Inflasi Terkendali Jelang Idulfitri, Purbaya Sebut Ekonomi Belum Kepanasan
Menteri Keuangan Purbaya Yudhi Sadewa menyatakan inflasi tetap terkendali menjelang hari raya Idulfitri 1447 Hijriah. Ia menyebutkan kenaikan inflasi secara tahunan pada Februari 2026 mencapai 4,76% year on year (yoy).
Bendahara negara ini mengatakan, angka inflasi yang tinggi tersebut ditopang oleh diskon tarif listrik pada awal 2025.
“Ini terutama bersifat temporer kenaikannya akibat low base effect dari diskon listrik pada awal tahun 2025. Tanpa pengaruh diskon listrik, inflasi Februari diperkirakan hanya 2,59%,” kata Purbaya dalam konferensi pers APBN KiTA Februari 2026, Rabu (11/3).
Purbaya mengklaim inflasi tetap terkendali dan stabilitas harga terjaga. Ia mengatakan kinerja ekonomi yang positif tersebut juga semakin inklusif.
“Tercermin dari peningkatan penyerapan tenaga kerja, penurunan tingkat pengangguran, serta berlanjutnya tren penurunan kemiskinan,” kata dia.
Di sisi lain, mantan Ketua Dewan Komisioner Lembaga Penjamin Simpanan (LPS) itu mengatakan inflasi inti naik terbatas didorong harga emas dan peningkatan permintaan selama Ramadan. Inflasi inti non-emas mencapai 1,4%.
Begitu pula dengan ketahanan ekonomi domestik yang menurutnya tetap terjaga di tengah ketidakpastian global.
“Pertumbuhan ekonomi ini sudah rilis triwulan lalu 5.39%, dan harusnya triwulan ini akan tumbuh lebih cepat. Saya selalu bilang antara 5,5% sampai 6% mungkin masih bisa tercapai. PMI manufaktur sekarang di level 53,8, tertinggi dalam dua tahun terakhir,” katanya.
Purbaya Bantah Ekonomi RI Kepanasan
Dari sisi eksternal, Purbaya mengklaim ketahanan ekonomi tetap terjaga dengan surplus neraca perdagangan.

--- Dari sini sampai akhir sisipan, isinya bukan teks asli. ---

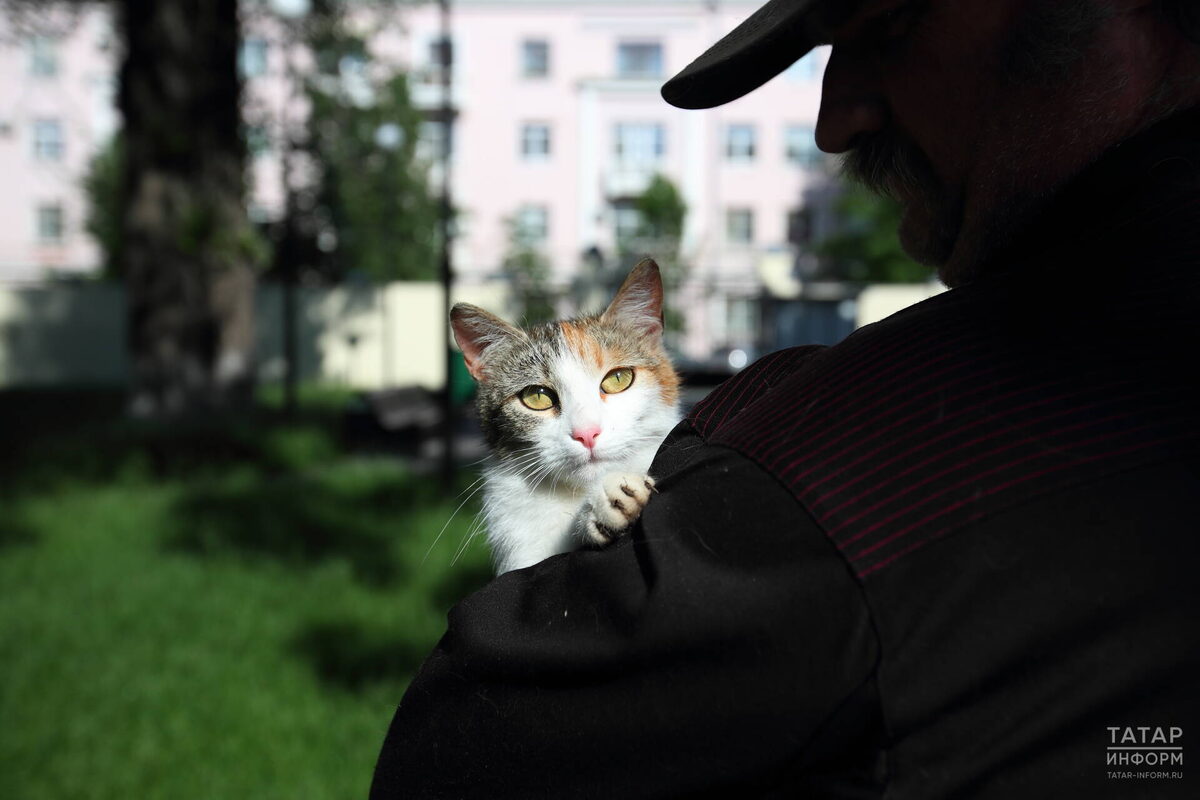 Инициатива депутатов: запрет на использование животных в качестве залога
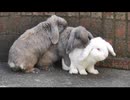 たれ耳ウサギ垂れ流し その1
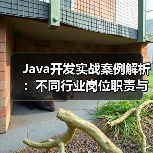 Java开发实战案例解析：不同行业岗位职责与技术应用全揭秘（图2）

Ia membantah adanya anggapan yang menilai ekonomi RI ‘kepanasan’ dan harus diperlambat.
“Ini kenapa angka inflasi ini penting, karena orang di luar sering melihat yang angka 4.76% tadi dan mereka mulai menunjuk ekonomi Indonesia kepanasan, harus diperlambat,” kata dia.
Padahal, ekonomi Indonesia baru mulai tumbuh lebih cepat. Dengan angka 2,59%, ia berpandangan bahwa ruang untuk ekonomi Indonesia tumbuh terbuka lebih lebar.
“Kita baru mulai tumbuh lebih cepat. Kalau angka yang sebetulnya 2,59% itu masih sesuai target, malah di bawah target. Artinya, ruang bagi ekonomi untuk tumbuh lebih cepat terbuka lebar tanpa harus memicu inflasi. Jadi, pertumbuhan ekonomi belum terlalu cepat dan belum kepanasan,” kata Purbaya.